1. Problem Statement

$$\min_{x \in \mathbb{R}^n} f(x)$$

No constraints on $x$. The function $f$ is assumed smooth (at least twice differentiable).

Strategy: Generate a sequence $x_0, x_1, x_2, \ldots$ that converges to a local minimizer $x^*$.

Every method follows this template:

x_{k+1} = x_k + α_k · d_k

where $d_k$ is the search direction and $\alpha_k$ is the step size (learning rate).

2. Gradient Descent

The Algorithm

The simplest choice: move in the steepest descent direction.

$$x_{k+1} = x_k - \alpha_k \nabla f(x_k)$$

def gradient_descent(f, grad_f, x0, alpha=0.01, tol=1e-6, max_iter=10000):
    x = x0.copy()
    for k in range(max_iter):
        g = grad_f(x)
        if np.linalg.norm(g) < tol:
            break
        x = x - alpha * g
    return x, k

Step Size Selection

Strategy	Formula	Pros	Cons
Fixed	$\alpha_k = \alpha$ (constant)	Simple	Must tune; too large → diverge, too small → crawl
Exact line search	$\alpha_k = \arg\min_\alpha f(x_k - \alpha g_k)$	Optimal per step	Expensive (1D optimization each step)
Backtracking (Armijo)	Start large, shrink until sufficient decrease	Practical, cheap	Needs two parameters ($c$, $\rho$)
Barzilai-Borwein	$\alpha_k = \frac{s_{k-1}^T y_{k-1}}{y_{k-1}^T y_{k-1}}$	Fast, adaptive	Non-monotone (can increase $f$)

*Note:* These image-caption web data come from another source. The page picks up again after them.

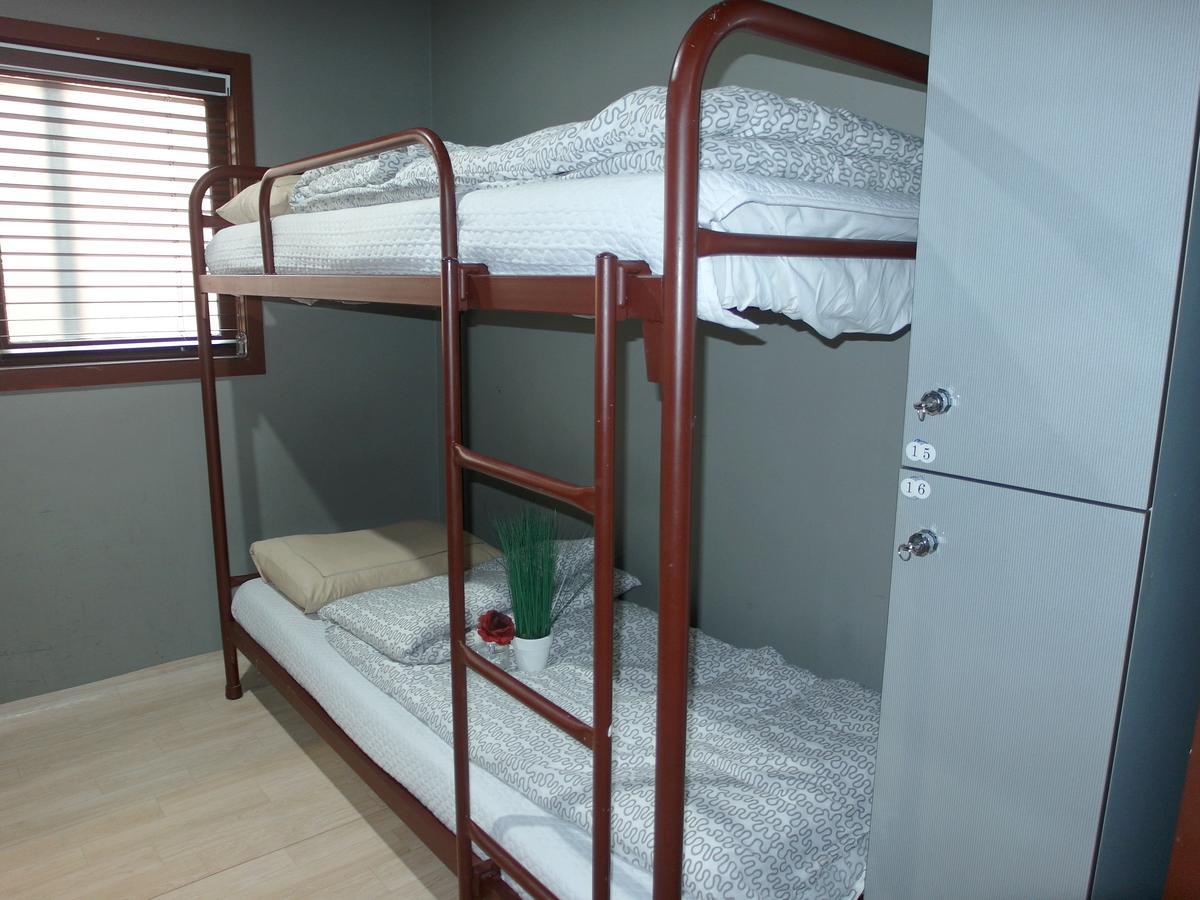 Fnstay Muslim Friendly Guesthouse Seoul Eksteriør bilde
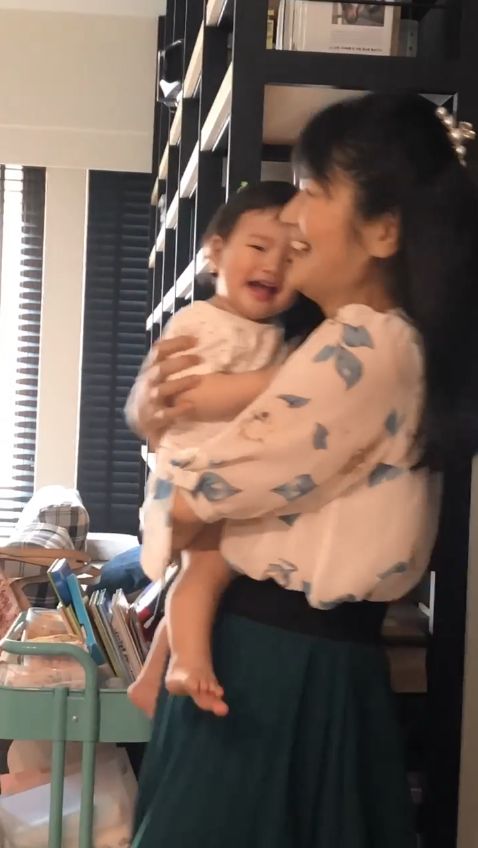 外母抱着孫女一臉溫馨。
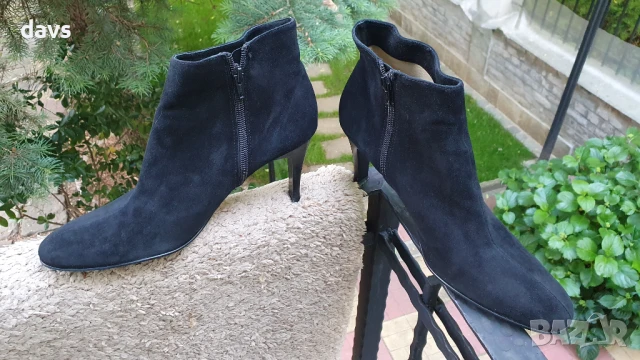 Боти - естествен велур - като нови, снимка 3 - Дамски боти - 50490318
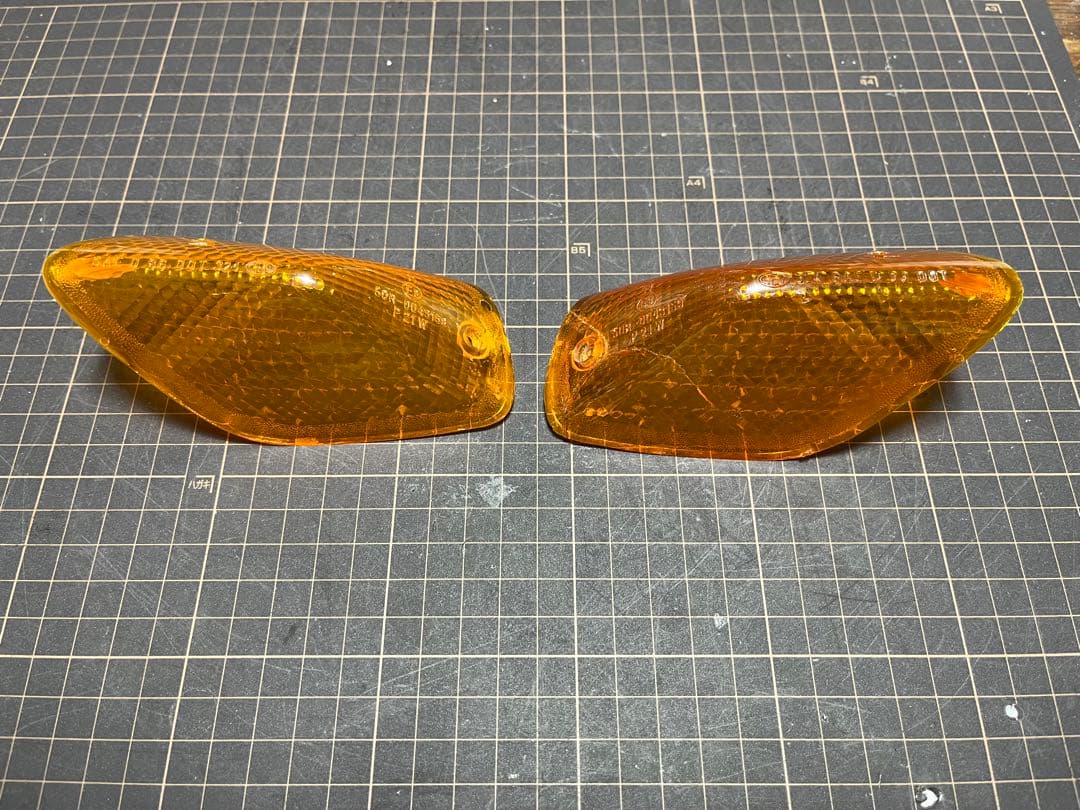 DUCATI PASO 750 ウインカーレンズ　ドゥカティ　パソ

Backtracking Line Search (Armijo Condition)

Accept step $\alpha_k$ if:

$$f(x_k - \alpha_k g_k) \leq f(x_k) - c \cdot \alpha_k \|g_k\|^2$$

where $c \in (0, 1)$ (typically $c = 10^{-4}$). Start with $\alpha = 1$ and shrink by factor $\rho \in (0,1)$ until satisfied.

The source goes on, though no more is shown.